The new ASIC credit rules however, have completely killed our ability to get a loan. Now stated income lodocs are gone, we have to prove our income. Too easy, we can do that, we've got all the paperwork and our income does match nicely what we declare as stated income. Or does it? We have 7 small income streams, and depending on the bank they pick and choose which ones they decide to use, while at the same time deeming our expenses as high as $3000 a month + mortgage (really $2300 a month including mortgage). So, now we are suddenly earning only $30-40k according to banks, we can't get a loan.

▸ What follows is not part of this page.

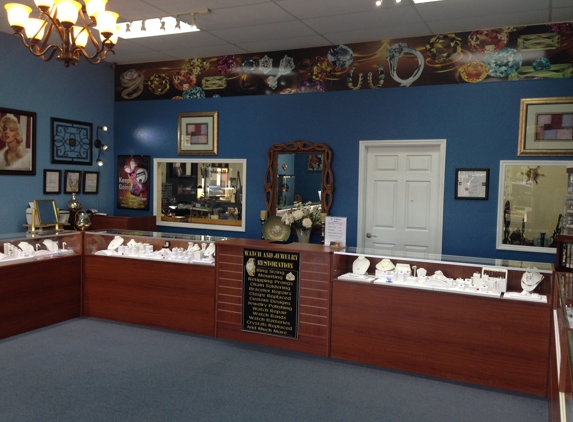 tony`s jewelry - Cape Coral, FL. watch & jewelry repair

Or rather we can, but the highest amount was $43k and we need $75k. Of course the longer this takes the lower that figure gets.

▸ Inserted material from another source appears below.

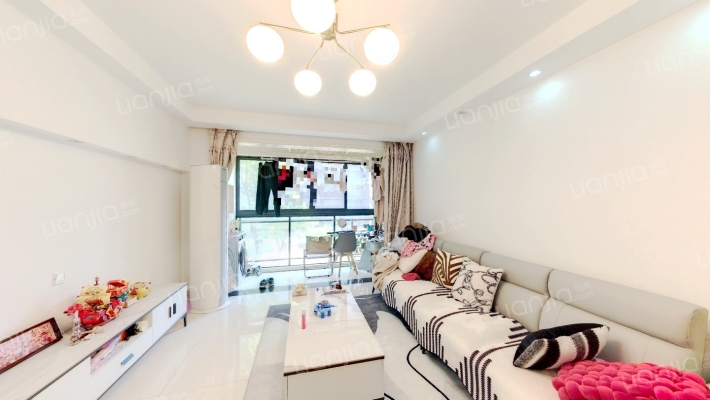 旭日爱上城第三区二手房实景图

We're basically forced to sell our old house to someone who can rent back to us for a few weeks during the build, and pay for the new house in cash unless we can find a loan shark or non-bank lender that isn't affected by the new credit rules to loan us some money for a few weeks. I have a somersoft broker on the case now so hopefully creative financing will prevail. I'm getting awfully sick of sharing my bedroom with children, it is a nookie-killer.

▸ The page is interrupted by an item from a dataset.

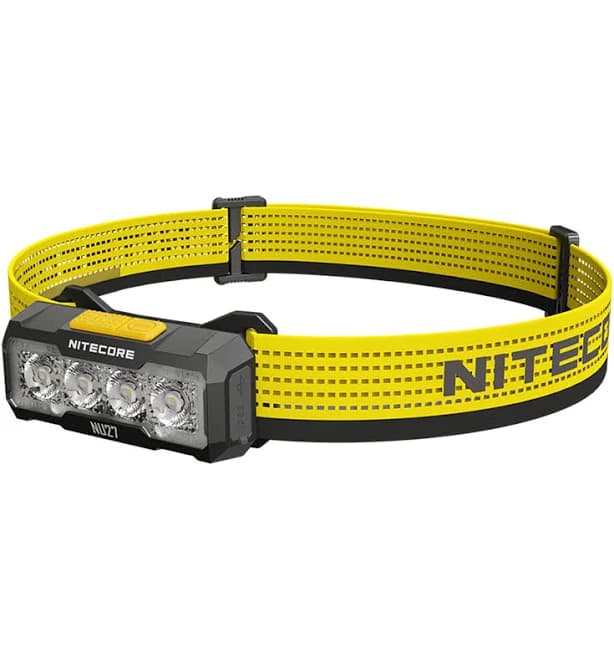 Nitecore NU27 Rechargeable LED Headlamp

All a situation that could have been avoided completely if the people buying my old house didn't take 4 months to make their mind up, or the bank didn't delay our settlement by 3 weeks, or the broker didn't go on holiday for a month before lodging our paperwork. Any of these would have got us over the line before the new credit rules.

Interesting times.

Anyone want to buy a cliched cute cozy country cottage? Absolutely gorgeous little (5 people and a business do NOT fit in it) house, doesn't have a picket fence but it does have roses and daisies and wisteria. And ADSL2, nice weather, mains water, common effluent, digital TV and a mobile tower (ok, silo) you can see from our kitchen window :)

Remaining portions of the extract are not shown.